Amazingly, Mexico's coach Miguel Herrera has allegedly defended the use of the word as "not that bad." That attitude is shocking and so too is the fact that neither FIFA nor Mexican soccer have done more about this issue, and sooner.
Over the years, I've heard a lot of explanations from people who want to defend the use of this word, beginning with "gringos don't understand -- it's cultural." My answer is 1) I'm Latina and I do understand; and 2) being discriminatory is not part of any "culture," but it does exist in all cultures, unfortunately, until the public is made aware of and understands the power of words.
In many countries the use of totally racist words were once also defended as "cultural." But people of different ethnicities and religions, including African Americans and Jews said "no more, enough with the jokes and derogatory words."
That's why to all those who want to defend the use of this word I propose this, when they say "The use of 'puto' is cultural. It's very Mexican," to substitute the following: "Racism is cultural. It's very Mexican (or Argentine, or British, etc.)" Let's see who wants to go out and defend racism.
The other excuse that I hear quite often is "I didn't intend to insult anyone." As if the intention behind the action was more important than its result. The intent of the people using a word or taking an action is not what's relevant. What's relevant is the actual impact that the word or action has on someone else.
It's downright depressing to hear the excuse of "culture" or intention to defend the desire to continue to use a word that hurts us so much.
And it does hurt. If you are not gay or bisexual or transgender, you may not understand. Well, let me explain. Those words have a sad place in the lives of many of us, because we grew up listening to them, tolerating their use, hiding our hurt, smiling when really we wanted to cry. Those words have affected many of us -- some would say haunted -- from childhood.

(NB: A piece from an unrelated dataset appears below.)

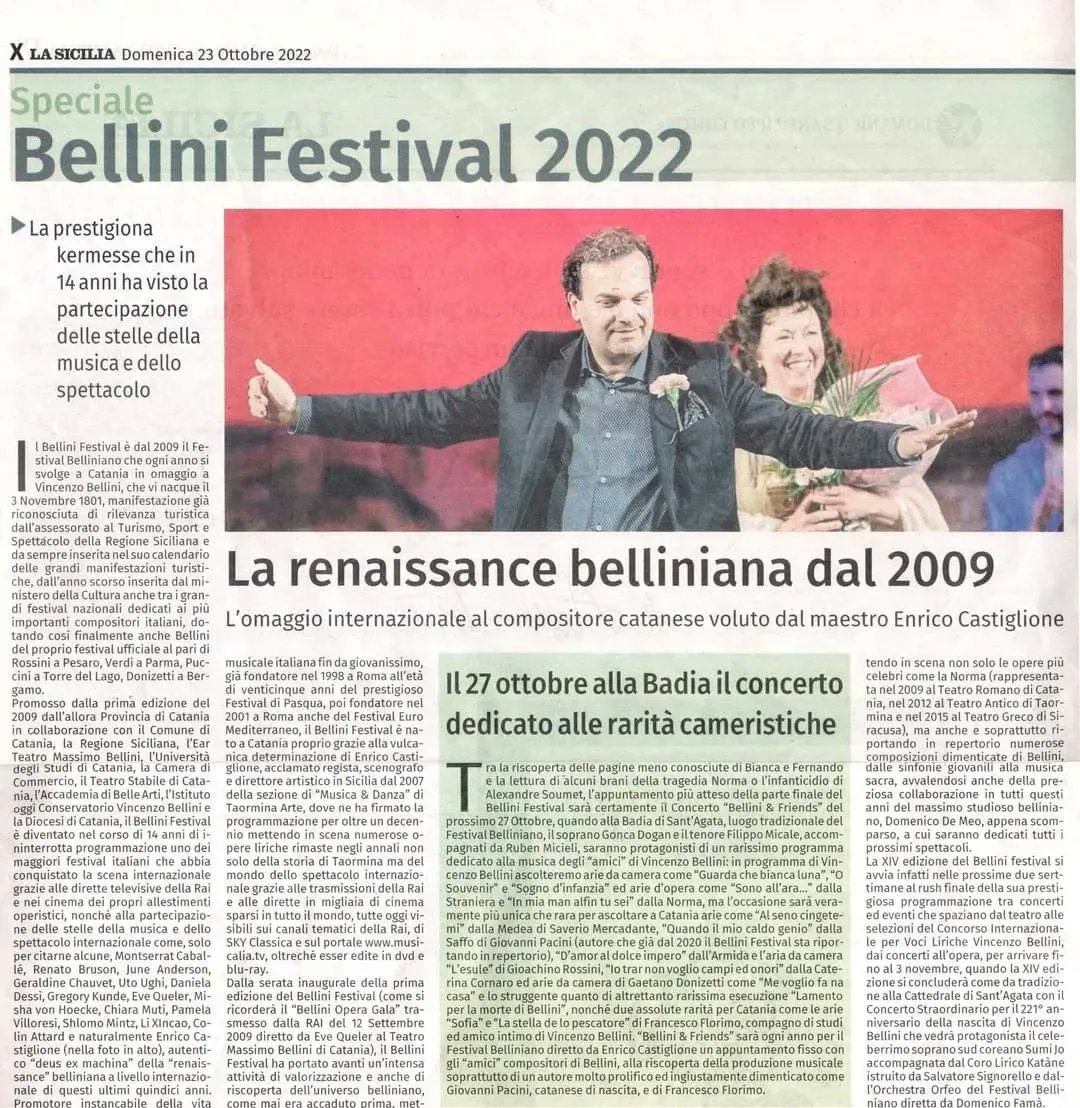 SopranoGDogan's tweet photo. "LA SICILIA" dedicate alla XIV edizione del Bellini Festival che parla anche del nostro concerto del 27 Ottobre 2022 "BELLINI &amp; FRIENDS" un rarissimo programma dedicato alla musica di Bellini e dei suoi amici e coevi: Chopin, Mercadante, Florimo, Pacini, Donizetti, Rossini. https://t.co/RViuIi1Hwe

Too bad it had to come to this because, not only in Mexico but also in other countries, homophobia and trans-phobia are sadly common.
How great would it be that the legacy of this World Cup were not solely new buildings or stadiums, but rather a new awareness not just in Brazil or Mexico -- but throughout the whole world of the power behind words -- and not just when used during fútbol games, but also at home, where young people learn everything about the world from their parents.
I know that one day soon our children and grandchildren will ask us "Is it true that people used to say those words openly in stadiums and other places?'' I at least want to be able to answer "yes, but I did my best to eradicate homophobia," instead of looking for excuses.